### INPUT DATA

════════════════

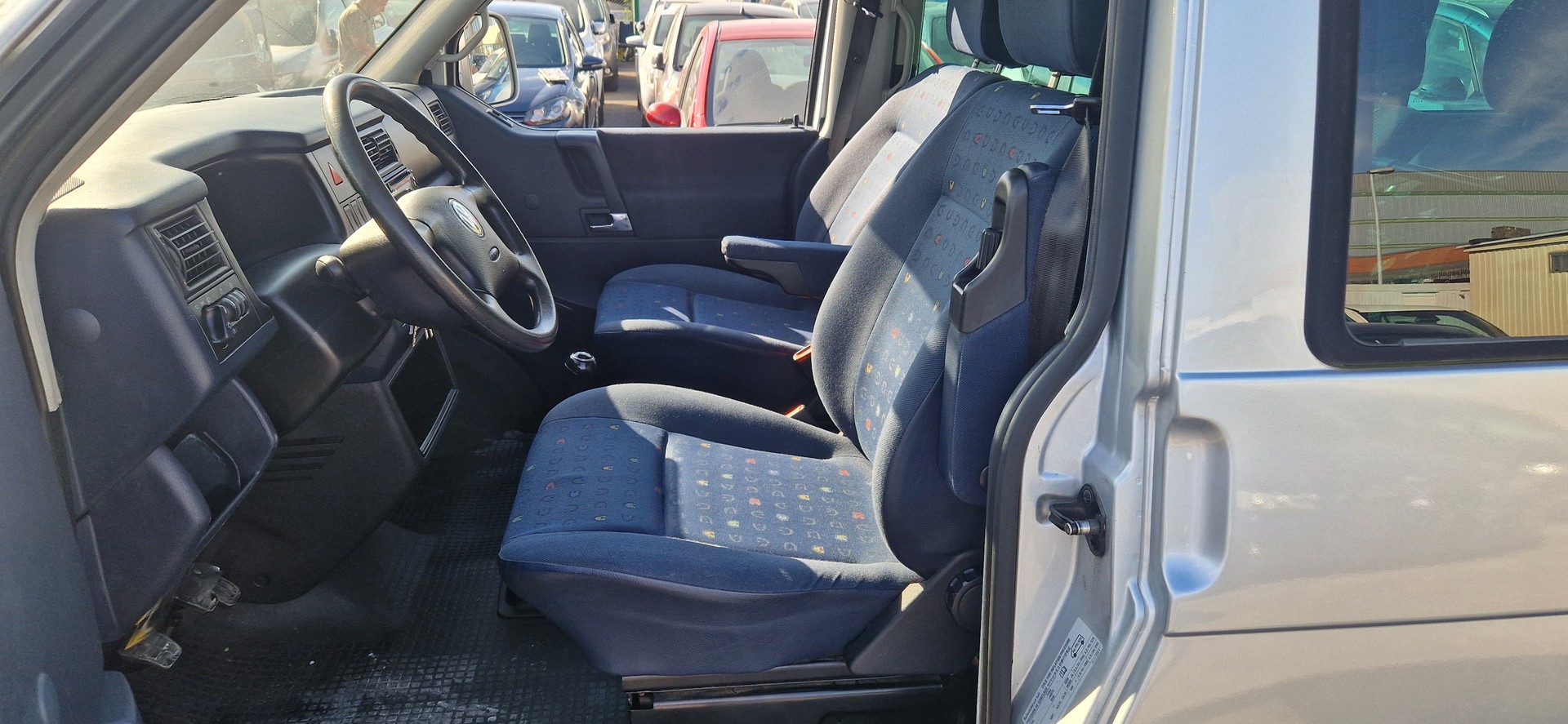 VW T4 Caravelle 2.5TDI ABS-image-5
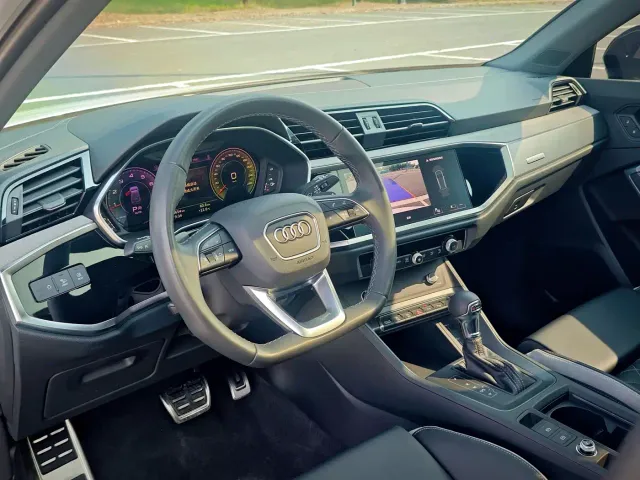 Audi Q3 — Фото автомобиля 11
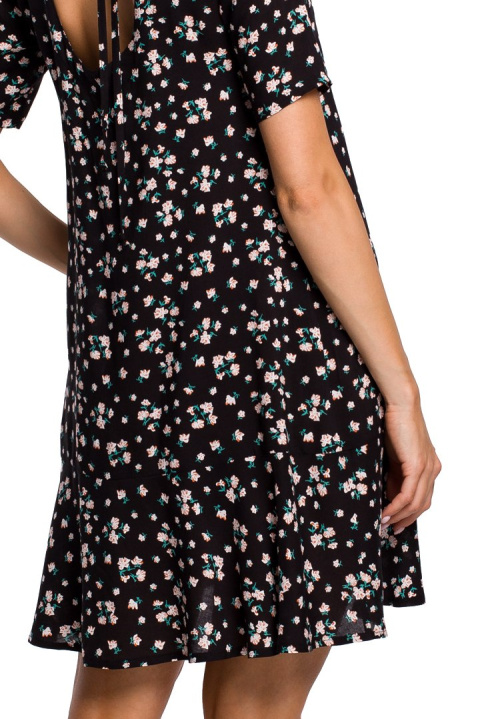 Letnia sukienka mini z wiskozy w kwiaty z krótkim rękawem m8 me520 Letnia sukienka mini z wiskozy w kwiaty z krótkim rękawem m8 me520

════════════════

### WHAT TO PRODUCE
An exact reproduction of the material above is needed, without its pictures.

### ANSWER TO THIS TASK
 VW T4 Caravelle 2.5TDI ABS-image-5
 Audi Q3 — Фото автомобиля 11
 Letnia sukienka mini z wiskozy w kwiaty z krótkim rękawem m8 me520 Letnia sukienka mini z wiskozy w kwiaty z krótkim rękawem m8 me520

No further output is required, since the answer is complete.